Ted Cordaro is the Director of HR Analytics at a large multinational corporation. Turnover has been high in the Research & Development Department at the company in recent years and Ted has been tasked with building a model to predict employee attrition. Attrition occurs when an employee leaves the company. Ted also wants to know which factors are most important in predicting which employees will leave. Ted has information about past and present employees, including demographics, job characteristics, and HR survey response data.


First, you will help Ted train and evaluate a Logistic Regression classification model. Then, you will help Ted train and evaluate a Decision Tree classification model.
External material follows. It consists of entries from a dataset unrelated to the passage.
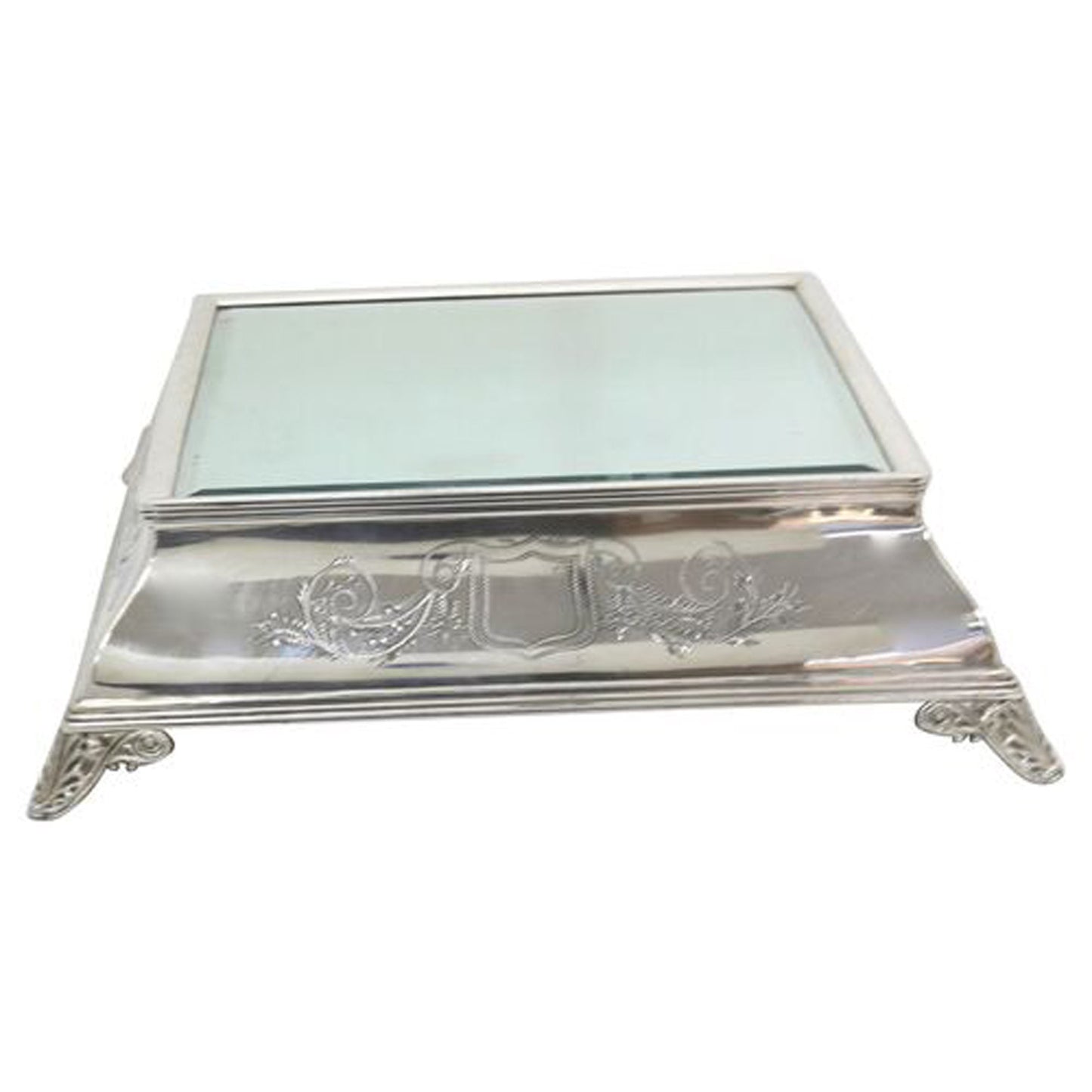 19th Century Silver-Plate Art Deco Mirrored Cake Stand w. Storage Box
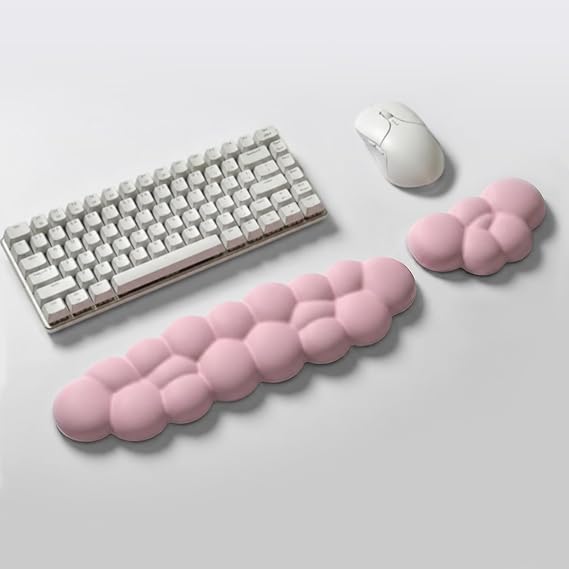 Klasse Cloud Klavye ve Mouse Bilek Destek Seti, Bulut ErgoPad, Kaymaz Tabanlı, Nefes Alan Kumaş, Ağrı Önleyici (Bilek Desteği Seti, Pembe)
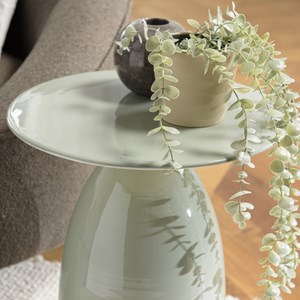 James - table d'appoint ronde 40x40cm en métal émaillé vert d'eau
An overview of the **HRData** dataset is below:

| Variable   |   Description |
| ----------- | ----------- |
| Age | The age of the employee (in years)|
| BusinessTravel | The level of travel the employee does for work (0: no travel, 1: some travel, 2: frequent travel)|
| DistanceFromHome | The distance the employee commutes to work (in miles)|
| Education | The employee's education level (ranging from 1-5)|
| EnvironmentSatisfaction |The employee's satisfaction with their work environment (ranging from 1-4)|
| Married | Indicates if the employee is married (1) or not (0)|
| MonthlyIncome | The employee's monthly pre-tax salary (in USD)|
| OverTime | Indicates if the employee is eligible for overtime compensation (1) or not (0)|
| PerformanceRating | The performance rating the employee received from their direct supervisor (ranging from 3-4)|
| StockOptionLevel | The level of stock options the employee has (ranging from 0-3)|
| TrainingTimesLastYear | The number of times the employee participated in training last year|
| WorkLifeBalance | The level of employee's work-life balance (ranging from 1-4)|
| YearsAtCompany | The number of years that the employee has been employed with the company|
| Attrition | Indicates if the employee left the company (1) or not (0)|


# Import Packages

In [None]:
# do not manipluate this cell - just run it

import numpy as np
import pandas as pd
import matplotlib.pyplot as plt
from sklearn import set_config
from sklearn.model_selection import train_test_split
from sklearn.linear_model import LogisticRegression
from sklearn.tree import DecisionTreeClassifier, plot_tree
from sklearn.metrics import ConfusionMatrixDisplay, classification_report

set_config(transform_output = "pandas")

# Data Import

In [None]:
# do not manipluate this cell - just run it

data = pd.read_csv('https://raw.githubusercontent.com/CHill-MSU/INFO265_Data/refs/heads/main/HRData.csv')
data.head()

In [None]:
# do not manipluate this cell - just run it

data.info()

In [None]:
# do not manipluate this cell - just run it

data.describe()

In [None]:
# do not manipluate this cell - just run it

data['Attrition'].plot.hist()

In [None]:
# do not manipluate this cell - just run it

X = data.drop('Attrition', axis = 1)
y = data['Attrition']
train_X, test_X, train_y, test_y = train_test_split(X, y,test_size = 0.3, stratify = y, random_state = 123)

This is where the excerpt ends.